Applying for a state primary place -is there a trick to the form?!(13 Posts)
Hi all, I am just filling in the forms for application to Primary Reception next year, we applying to around 5 and then crossing our fingers that he gets in at the nicest. On all of the forms (which are standard- wandsworth borough) there is a box saying "if you wish to give reasons for your application, please use the space below." do you reckon i should say sth here to improve our chances and if so what?! i can't think of much original to say except that i have had reports that the school provides a sound all round education and it is near to our house? any thoughts or suggestions?

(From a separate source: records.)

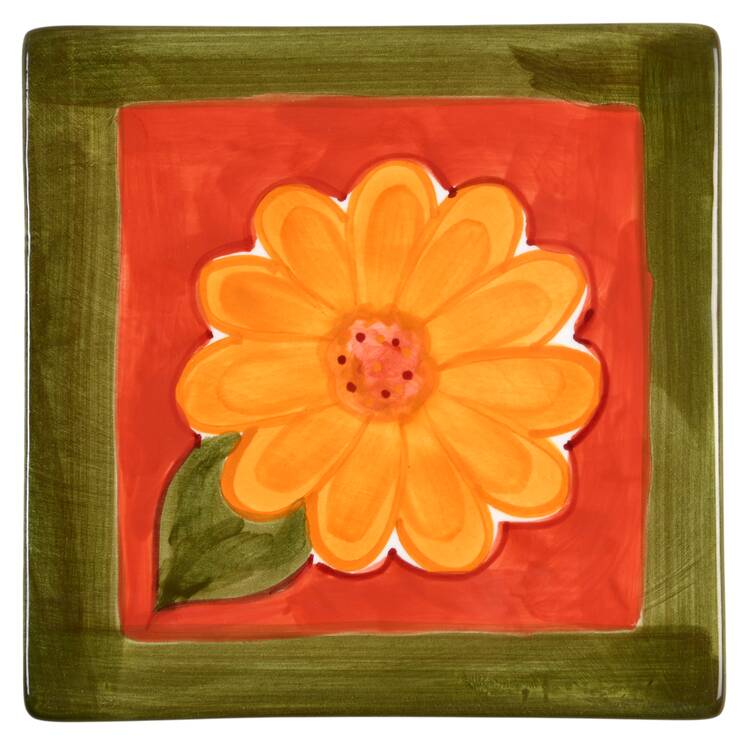 CIC218 Square Coaster by Certified International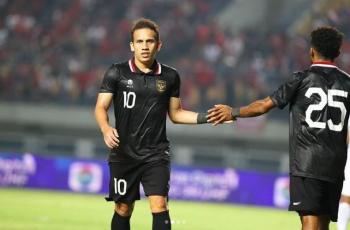 Egy Maulana Vikri Akui TC Timnas Indonesia Jelang Piala AFF 2022 Sangat Melelahkan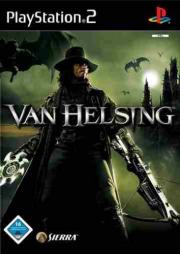 Cover von Van Helsing
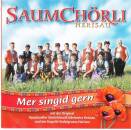 Saumchörli Herisau - Mer Singid Gern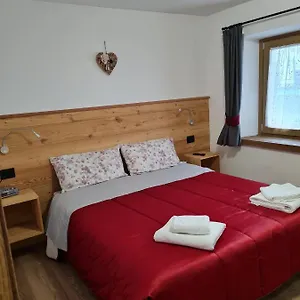 Appartamento Casa Tiziano E Nila, Santo Stefano Di Cadore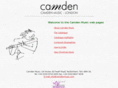 camdenmusic.com
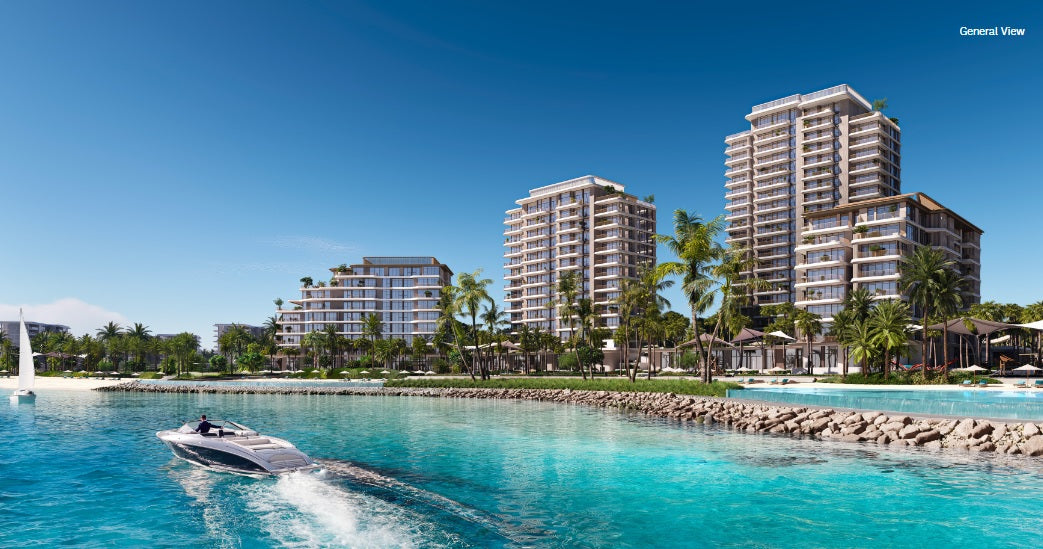 Bay Grove Residences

No idea really, but I would use the space to 'sell' myself rather than say how good the school is. For example - we live closest to this school, friends are also applying, nursery is a feeder to this school etc. Child is so brilliant at XYZ that it would be a credit to the school
I am sure others would be better to advise, we didn't have to do this as our school is in our village and we live approx 200 yrd away
thanks crunchie. cor blimey feels a bit weird to start selling oneself at 3.5 years of age!! what about saying that ds is very social child and already loves " reading" etc so I feel him and school would be comlementary or sth like that? sounds a bit ott, but then praps i am just naive?
I did the opposite to Crunchie, wrote a smarmy piece about the great reputation of the school, trying to make myself sound reasonably educated and caring in the process.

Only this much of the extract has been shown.